Monday, October 17, 2011

Key Facts Weekly Roundup

1. Herman Cain shakes the political world, as he stakes a strong claim to be the next leader of the free world. He leads the Republican Presidential field in both the NBC/Wall Street Journal and PPP polls with 28% and 30% support respectively, with Romney second, Perry, Paul and even Gingrich still in the hunt. 

2. Perry pulled in $17 million in the quarter ending September 30 and is tied with Romney in cash on hand. It is an impressive haul for Perry, but can he keep raising big money with his polling numbers falling fast?  Cain is breaking all the rules about scheduling and fundraising, going to states that vote later like Virginia and Tennessee, and not camping in Iowa or New Hampshire for all of 2011, as Rick Santorum is doing in Iowa.

3. Hence the establishment and chattering class sneer at the Cain surge by proclaiming Romney inevitably the nominee.  Really?  A lot of Republican voters seem real interested in anyone other than Romney who has the support of 20% to 25% of Republican primary voters.

4. Is too much inequality bad for economic growth? "The Darwin Economy" by Robert Frank cites data indicating that countries with the highest wealth and income inequalities have the slowest economic growth.  The US now ranks among the nation's with the highest wealth inequality.  The 400 wealthiest individuals have more wealth than the bottom 150 million people.

5. US stock markets rallied last week and returned to positive territory for 2011, buoyed by a stronger than expected September retail sales report and a week of successful muddling through in Europe.  September retail sales were likely helped by falling gasoline prices.

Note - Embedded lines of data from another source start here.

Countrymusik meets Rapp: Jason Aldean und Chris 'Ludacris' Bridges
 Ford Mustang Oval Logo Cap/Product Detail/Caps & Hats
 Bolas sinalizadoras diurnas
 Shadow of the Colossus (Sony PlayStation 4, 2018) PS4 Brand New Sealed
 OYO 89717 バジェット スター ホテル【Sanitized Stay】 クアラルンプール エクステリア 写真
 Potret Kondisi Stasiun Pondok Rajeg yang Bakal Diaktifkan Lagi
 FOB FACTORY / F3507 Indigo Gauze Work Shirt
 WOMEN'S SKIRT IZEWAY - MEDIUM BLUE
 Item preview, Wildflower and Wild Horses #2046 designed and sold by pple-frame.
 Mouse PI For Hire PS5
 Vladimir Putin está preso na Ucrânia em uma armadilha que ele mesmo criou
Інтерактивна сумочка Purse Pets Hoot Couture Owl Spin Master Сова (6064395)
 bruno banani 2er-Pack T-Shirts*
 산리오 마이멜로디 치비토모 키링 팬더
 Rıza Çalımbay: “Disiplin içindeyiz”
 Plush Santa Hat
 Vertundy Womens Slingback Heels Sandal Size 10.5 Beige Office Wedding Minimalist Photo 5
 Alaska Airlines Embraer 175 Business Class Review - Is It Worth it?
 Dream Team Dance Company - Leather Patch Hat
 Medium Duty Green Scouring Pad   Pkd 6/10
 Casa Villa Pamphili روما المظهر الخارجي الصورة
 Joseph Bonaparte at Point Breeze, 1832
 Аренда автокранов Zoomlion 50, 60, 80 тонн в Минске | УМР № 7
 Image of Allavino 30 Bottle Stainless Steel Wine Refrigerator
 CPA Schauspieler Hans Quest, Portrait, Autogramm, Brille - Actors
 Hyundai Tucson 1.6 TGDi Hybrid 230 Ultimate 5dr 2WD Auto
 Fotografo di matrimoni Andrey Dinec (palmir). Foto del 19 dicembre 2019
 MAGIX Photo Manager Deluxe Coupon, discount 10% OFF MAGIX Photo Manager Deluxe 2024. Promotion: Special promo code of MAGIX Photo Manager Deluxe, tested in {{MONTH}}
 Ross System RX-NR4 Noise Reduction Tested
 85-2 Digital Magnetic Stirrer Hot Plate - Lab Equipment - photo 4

6. For every $10 move up or down in oil prices that is sustained for a year, US economic growth rises or falls about 0.2% to 0.3%.  Energy prices matter a lot to economic outcomes.

7. Count me in the camp that holds the US economy will not sustainably recover, until housing prices stop falling and destroying trillions in wealth.  One trillion dollars in wealth evaporated from June 2010 to June 2011 when US housing prices fell another 8%.  Consumer demand cannot withstand such wealth destruction in the single biggest asset held by most US consumers.

8. Steelers and Eagles both win.  Cowboys lose, thanks to the coolest cucumber of them all--Tom Brady who notched another come from behind, last minute victory.  Cardinals keep dancing on the Phillies grave and go to the World Series.